The Gospel of the rich man and Lazarus helps us to make a good preparation for the approach of Easter. We too see what happens in the afterlife. There the rich man speaks at length with Abraham, whom he calls “father” (Lk 16:24.27), as a sign that he belongs to God’s people. This detail makes his life appear all the more contradictory, for until this moment there had been no mention of his relation to God. In fact, there was no place for God in his life. His only god was himself. The parable goes on to offer a message for all Christians. The rich man asks Abraham to send Lazarus to warn his brothers, who are still alive. But Abraham answers: “They have Moses and the prophets, let them listen to them” (v. 29). Countering the rich man’s objections, he adds: “If they will not listen either to Moses or to the prophets, they will not be convinced even if someone should rise from the dead” (v. 31).
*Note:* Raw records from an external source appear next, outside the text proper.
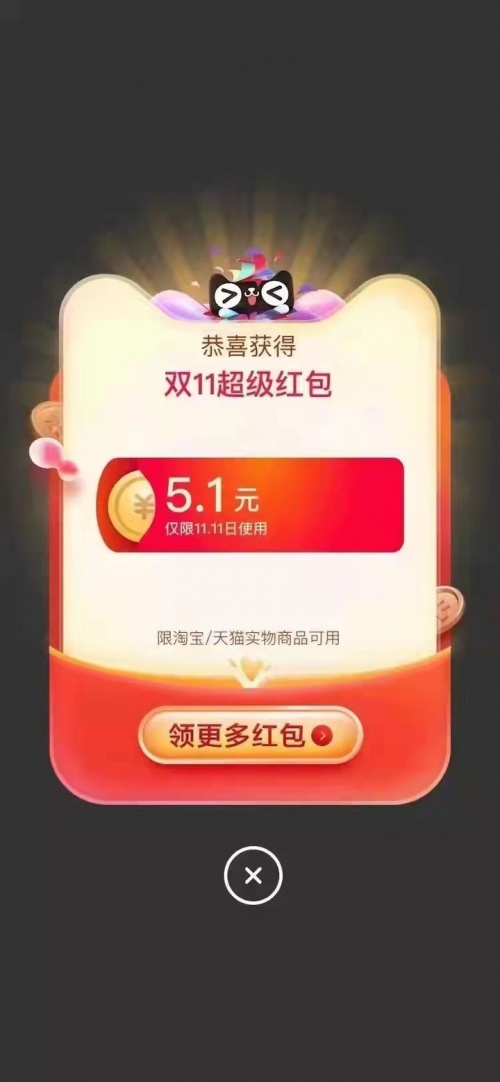 淘寶/京東雙十一紅包攻略寶典，雙十一預(yù)售和當(dāng)天哪個(gè)便宜?雙十一怎么更省錢?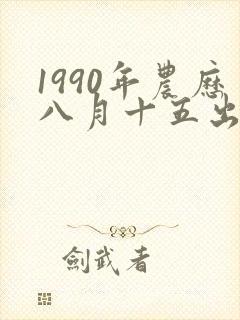 1990年农历八月十五出生的女孩命运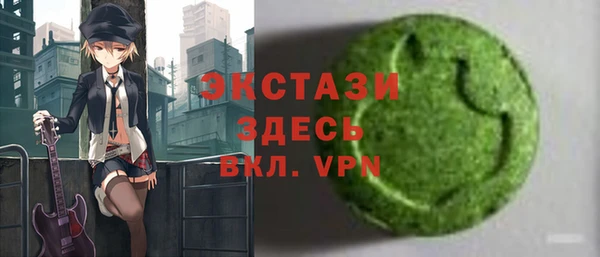 мефедрон Бородино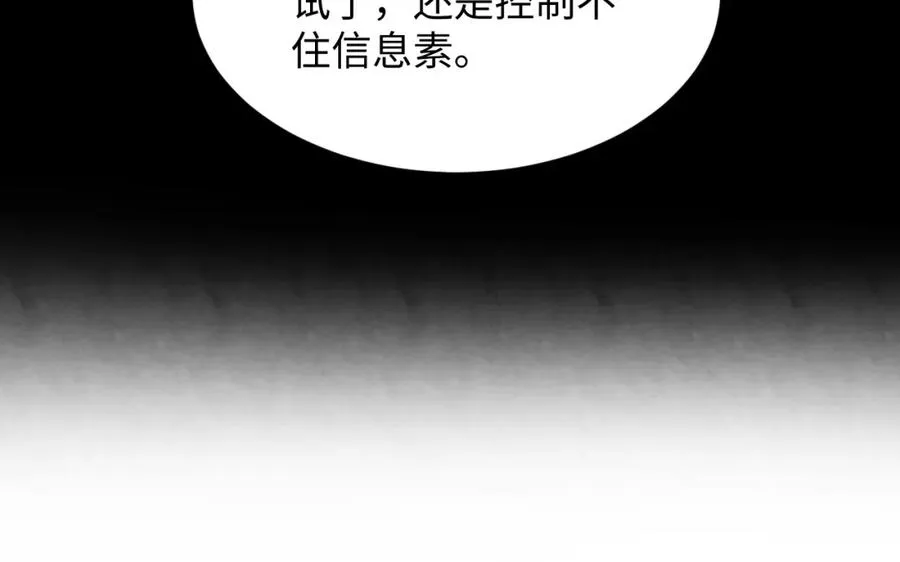 第21话 我想要你的信息素29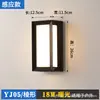Lámpara de pared exterior impermeable hotel jardín pared patio villa balcón inducción moderna nueva lámpara LED lámpara de pared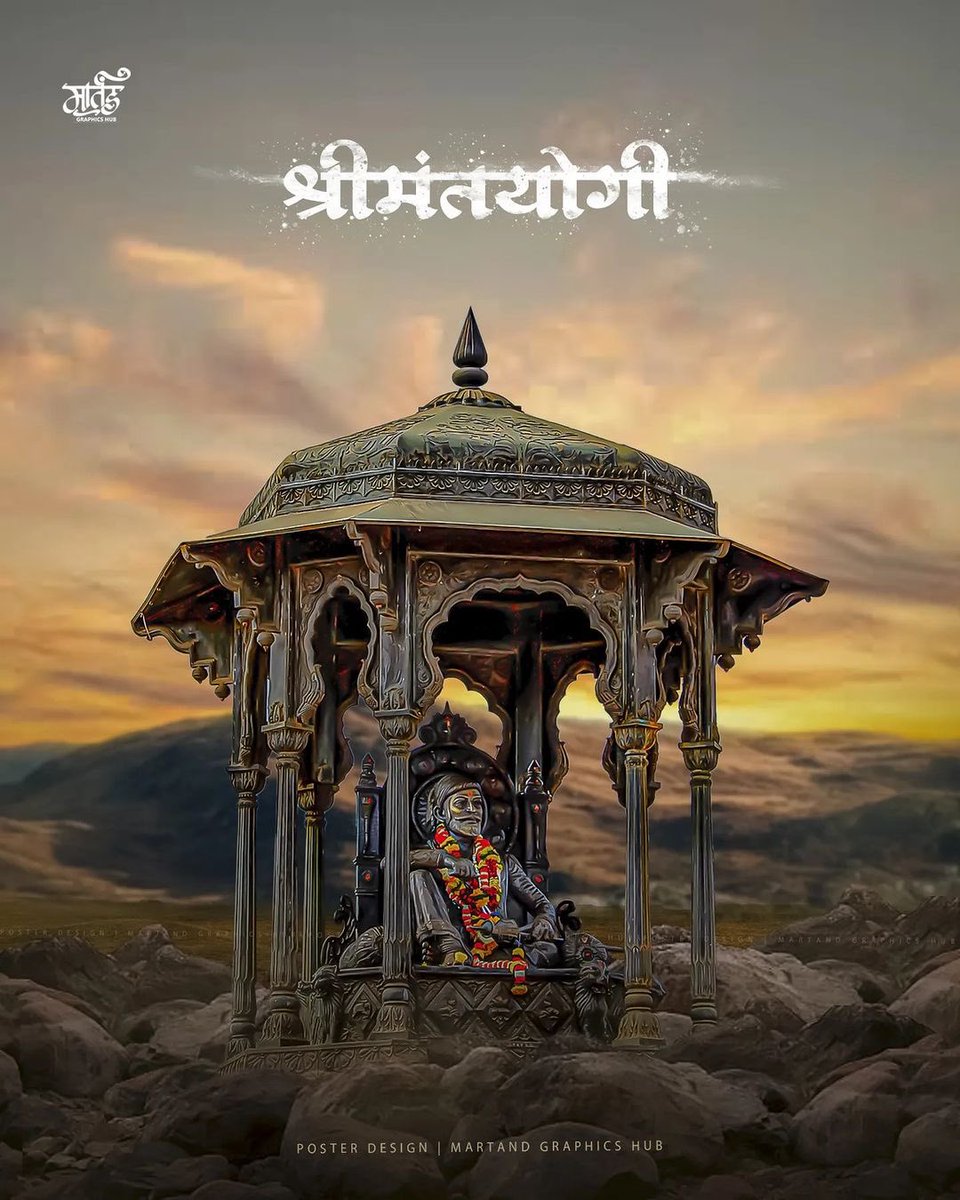 Shivaji_Rajee's tweet image.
The rich man’s real problem thus comes to the fore. At the root of all his ills was the failure to heed God’s word. As a result, he no longer loved God and grew to despise his neighbor. The word of God is alive and powerful, capable of converting hearts and leading them back to God. When we close our heart to the gift of God’s word, we end up closing our heart to the gift of our brothers and sisters. Lent is the favorable season for renewing our encounter with Christ, living in his word, in the sacraments and in our neighbor. The Lord, who overcame the deceptions of the Tempter during the forty days in the desert, shows us the path we must take. May the Holy Spirit lead us on a true journey of conversion, so that we can rediscover the gift of God’s word, be purified of the sin that blinds us, and serve Christ present in our brothers and sisters in need. I encourage all the faithful to express this spiritual renewal also by sharing in the Lenten Campaigns promoted by many Church organizations in different parts of the world, and thus to favor the culture of encounter in our one human family. Let us pray for one another so that, by sharing in the victory of Christ, we may open our doors to the weak and poor. Then we will be able to experience and share to the full the joy of Easter.